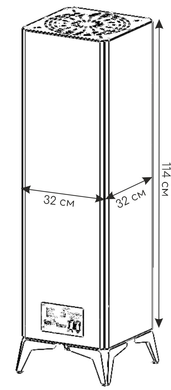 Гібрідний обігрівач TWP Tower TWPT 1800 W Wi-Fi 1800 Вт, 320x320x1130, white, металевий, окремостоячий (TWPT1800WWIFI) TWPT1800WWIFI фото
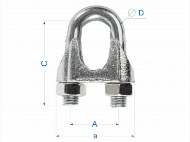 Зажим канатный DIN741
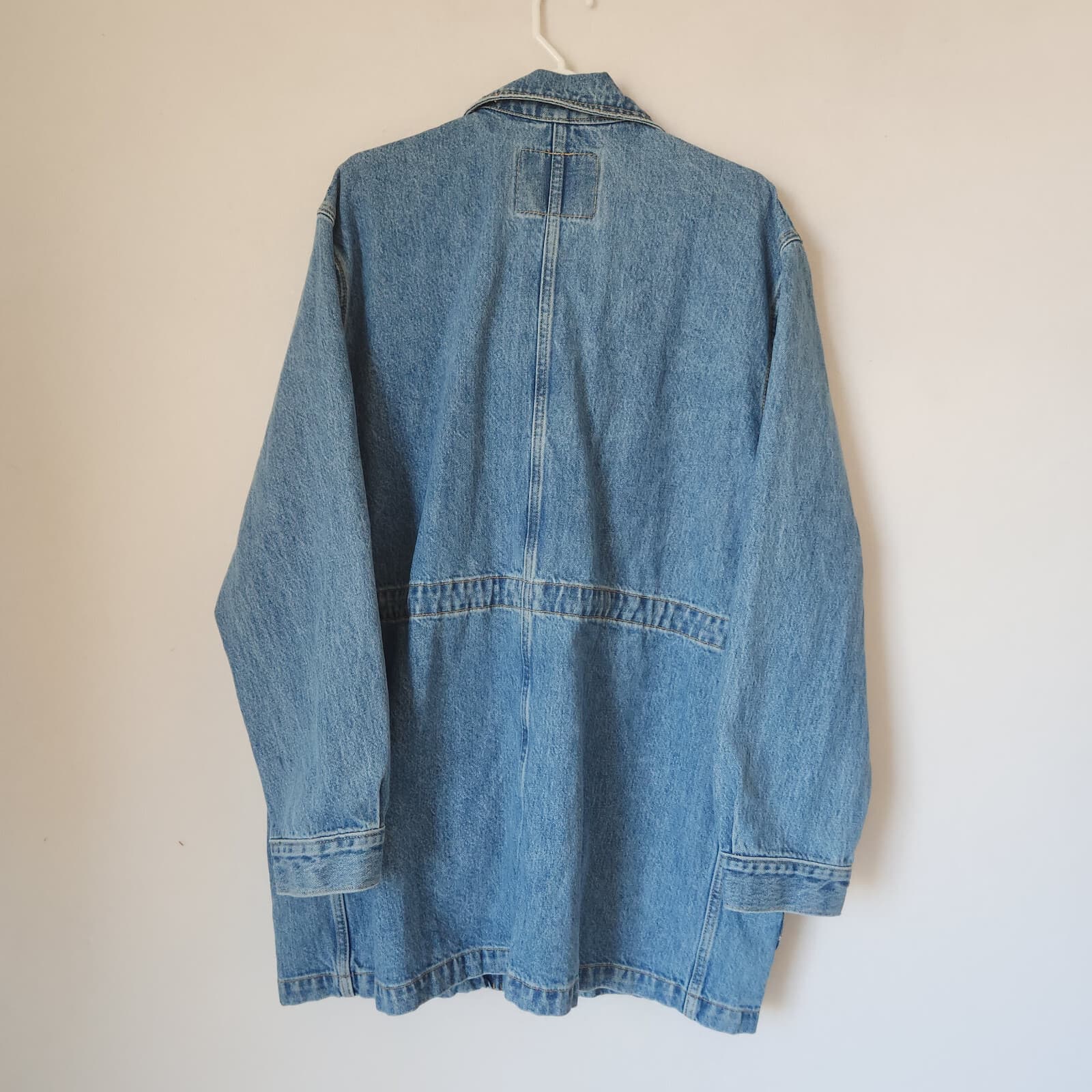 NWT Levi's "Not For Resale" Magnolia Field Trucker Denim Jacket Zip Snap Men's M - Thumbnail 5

--

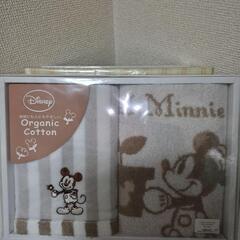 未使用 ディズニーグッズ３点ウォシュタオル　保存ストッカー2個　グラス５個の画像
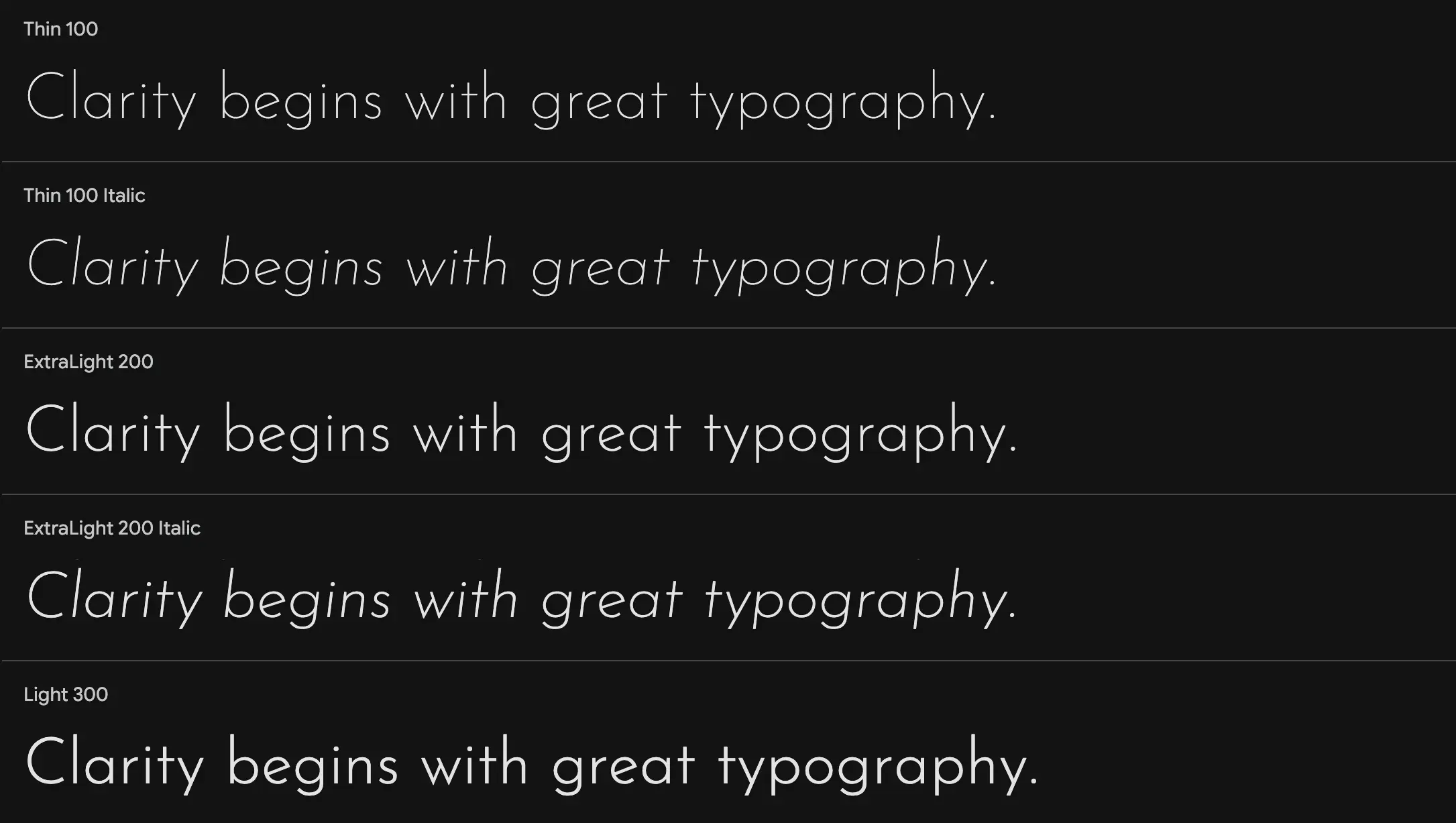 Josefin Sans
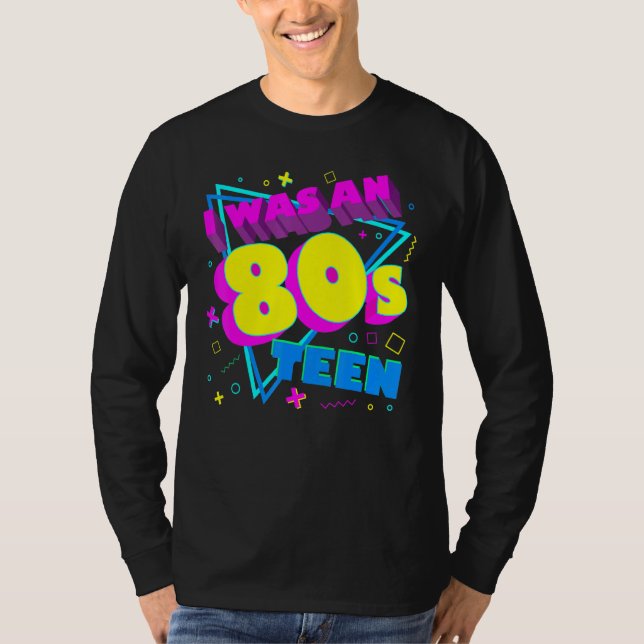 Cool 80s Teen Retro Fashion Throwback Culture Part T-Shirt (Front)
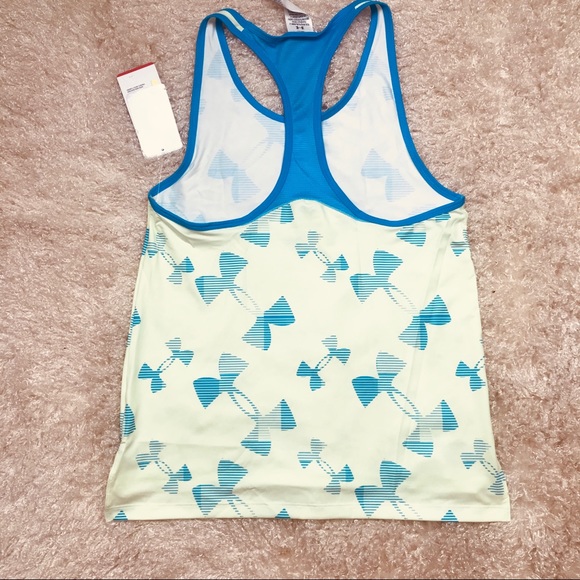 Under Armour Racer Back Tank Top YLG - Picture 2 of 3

--

Using the data above, transcribe exactly the lines between those containing "Josefin Sans" and "Under Armour Racer", inclusive, and leave every picture behind.

ANSWER FOR THIS EXERCISE –
 Josefin Sans
 Cool 80s Teen Retro Fashion Throwback Culture Part T-Shirt (Front)
 Under Armour Racer Back Tank Top YLG - Picture 2 of 3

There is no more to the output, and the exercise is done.